By Jeff Meade
In Letterkenny, there was music everywhere ... and dancing in the streets
You know how it is when you've been back in the country a few days. It feels like that trip to Ireland happened to someone else. You're left with your memories, but you can feel them slipping from your grasp. Photos, though, help preserve many of your most treasured moments. Sounds, too, can bring it all back.
Some of my best memories are of the Fleadh Cheoil. Not so much the wandering about hallways at the Letterkenny Institute of Technology—a nice facility, but you might as well be in any school or college on the planet. What most resonates are the memories of the hours after the Fleadh, the special time when the streets of Letterkenny were filled with crowds. Kids danced. Bands played. Euros clinked in open fiddle cases. Chips sizzled. Guinness flowed.

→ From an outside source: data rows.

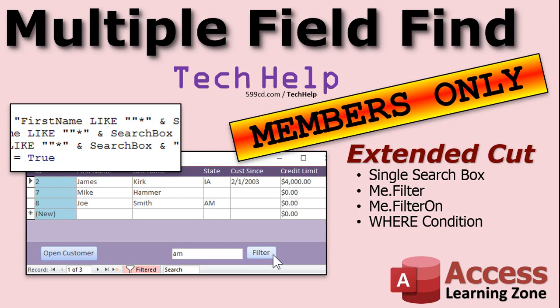Members will learn about the me.filter property, the me.filter on property, and how to build a multiple field where condition in SQL.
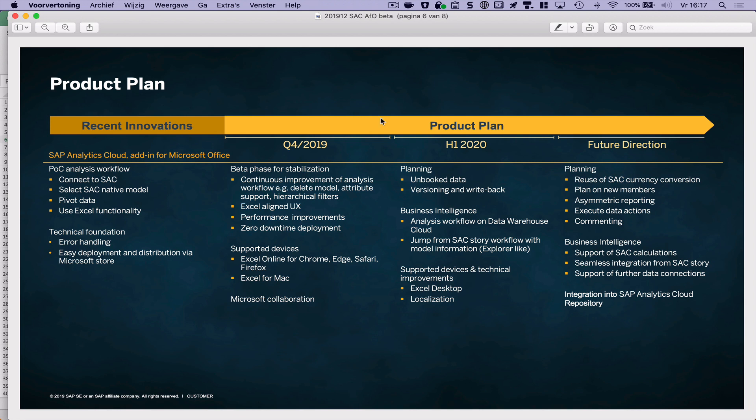Alright so that's the first look at the beta version of SAC add-on for Microsoft Office. See you later guys, bye.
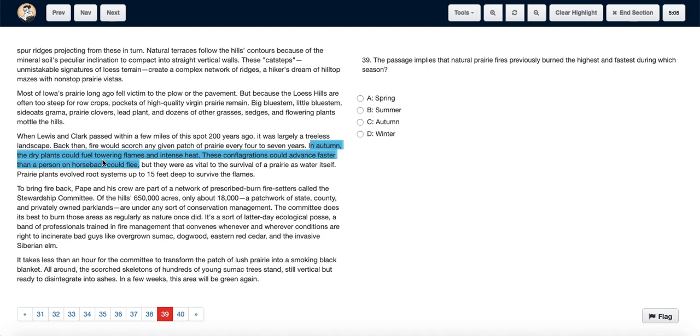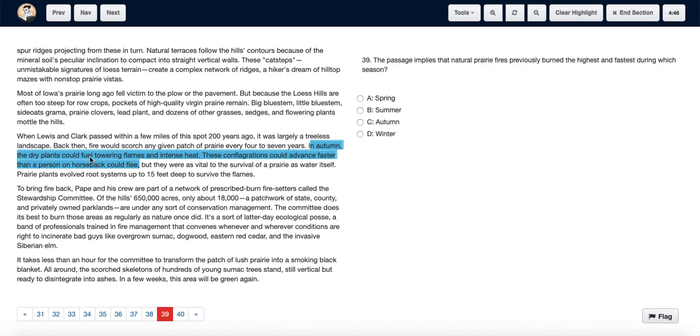We can see from the third last paragraph that basically 200 years ago there was a large treeless landscape, and a fire would scorch any given patch of prairie every four to seven years. In autumn, the dry plants could fuel towering flames and intense heat.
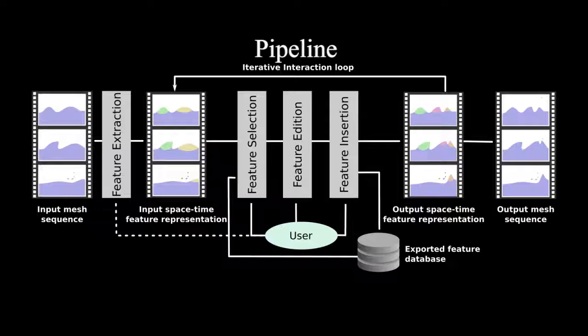We present a method offering interactive artistic control over an animation of liquid. Here is the pipeline of our process.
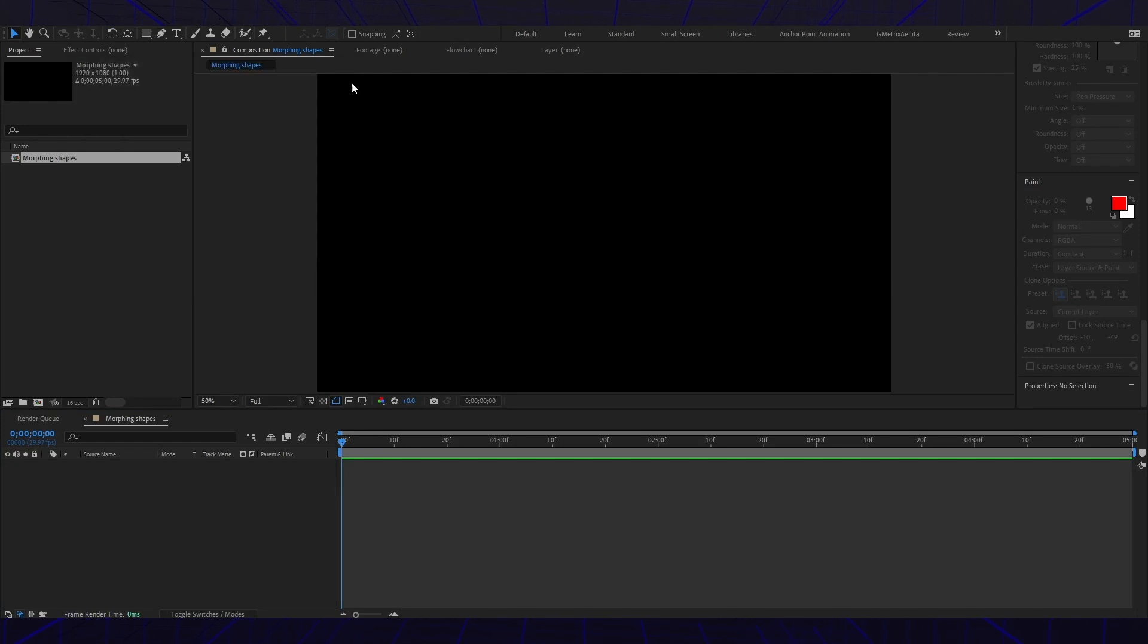Hello and welcome to another After Effects tutorial. We'll be teaching you how to do Morphing Shapes. The composition is 1920 by 1080, five seconds, and the background is black.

To help you get a feel for what that experience was like, we've put together a quick (read: somewhat crude) photo essay, with natural sound recorded on a small hand-held digital recorder. Nothing about the presentation is what you would call "polished." But then, virtually nothing about the post-Fleadh proceedings were polished. In fact, many of the bands that assembled to perform impromptu music in bank storefronts and in front of pubs, often in a cold rain, really were a little rough around the edges. For me, that's what makes Irish traditional music what it is. It's unstructured, uncluttered, spontaneous ... and full of life.